Introduction to Linux shellcode writing (Part 1)

Introduction

This is very brief and basic list of steps to follow if you want to write a shellcode under Linux operating system.

1. Craft the shellcode

The first step and by far the most important one is to find a vulnerability and to write the shellcode that’s exploiting the vulnerability. In this tutorial we will write a dummy shellcode represented by the “Hello World” program. The easiest way to write a shellcode is first to write it in the C language and then in order to have a more compact version, to translate it or to rewrite the shellcode in assembler.

1.1 Craft the shellcode in C

The main goal of writing the shellode in C is to have first working version of the exploit without (yet) bothering about the constraints of the shellcode execution (see later the chapter about the validity of the shelcode). In our case, the C version of our dummy shellcode is the following one:

#include<stdio.h>
int main(){
    write(1,"Hello World \n", 14);
    return 0;
}

After the compilation (gcc -o hello hello.c) we can take a look at the generated assembly code (objdump -d ./hello -M intel) and we would see that for a very small C program the assembly version is quite long (this is mainly due to the C preprocessor); it’s 228 lines length ( objdump -d ./hello -M intel | wc -l).

Now, we would like to “translate” the C version of our shellcode in the assembly version and the most straightforward way is by finding the system calls that hat are made by the C version of the shellcode. In some cases the system calls are quite obvious (the case of the write function) but sometimes it’s not so easy to guess. The tool that will give to you the system calls is the strace.
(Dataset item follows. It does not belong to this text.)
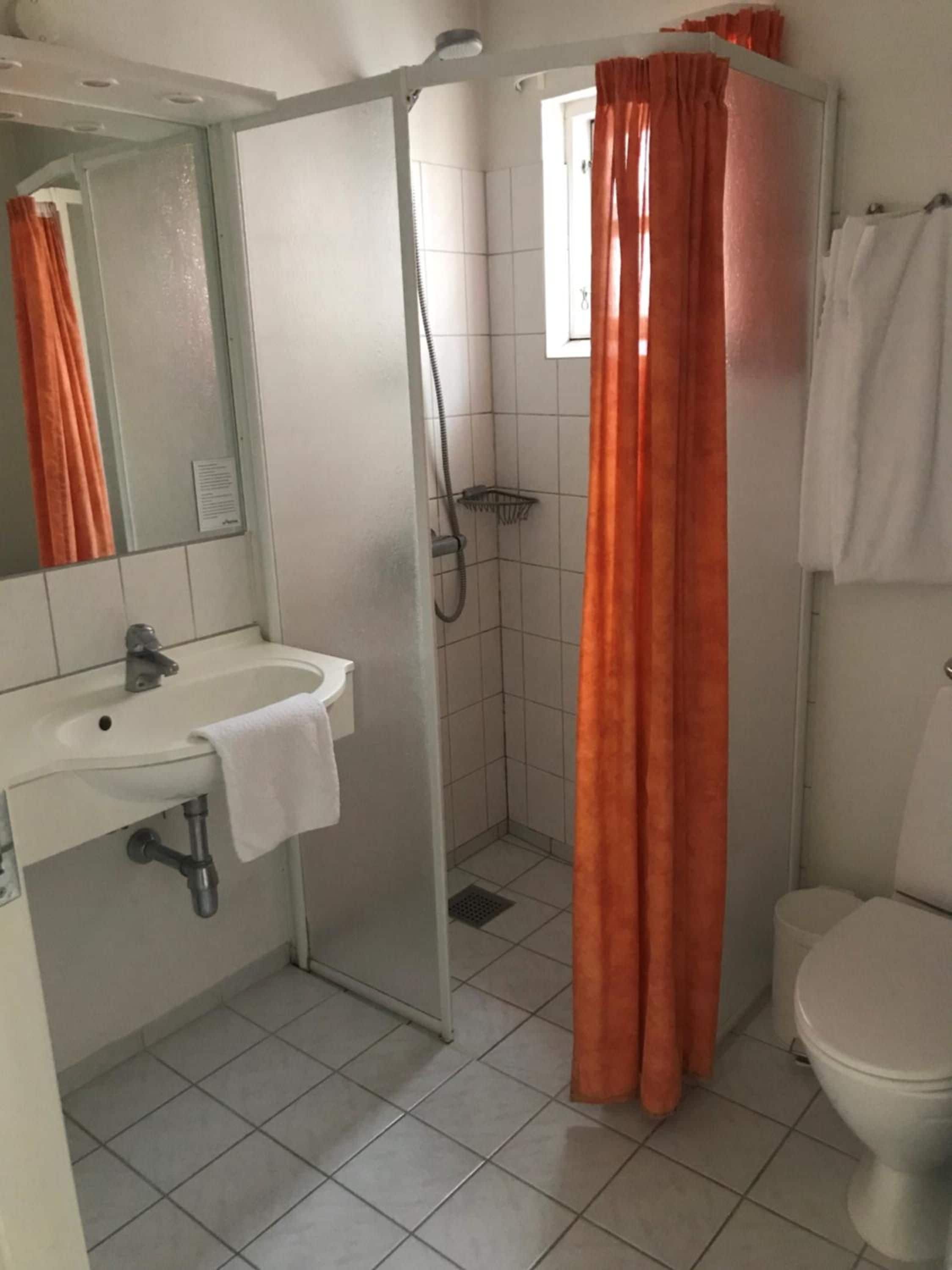 A bathroom with a white sink, a shower with a glass door, and a toilet.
In our case the strace ./hello will have the following output (the parts that are interesting for us are in bold):

execve("./hello", ["./hello"], [/* 62 vars */]) = 0
brk(0)                                  = 0x8826000
access("/etc/ld.so.nohwcap", F_OK)      = -1 ENOENT (No such file or directory)
mmap2(NULL, 8192, PROT_READ|PROT_WRITE, MAP_PRIVATE|MAP_ANONYMOUS, -1, 0) = 0xb76fa000
....
....
mprotect(0xb771d000, 4096, PROT_READ)   = 0
munmap(0xb76dd000, 117407)              = 0
write(1, "Hello World \n\0", 14Hello World 
)        = 14
exit_group(0)                           = ?

1.2 Craft the shellcode in assembler

Now that we have the system calls it is possible to get some infos like the parameters needed by the each system call (using man) and the system calls numbers (all the system calls names and number are in /usr/include/i386-linux-gnu/asm/unistd_32.h file).

So, the number of the write call is 4 (using cat  /usr/include/i386-linux-gnu/asm/unistd_32.h | grep write) and the parameters are the following one (using man 2 write):

ssize_t write(int fd, const void *buf, size_t count);

For the exit system call the number is 1 and the call parameter are :

void _exit(int status);

Having all the needed information, we can write the assembler version of our dummy shellcode.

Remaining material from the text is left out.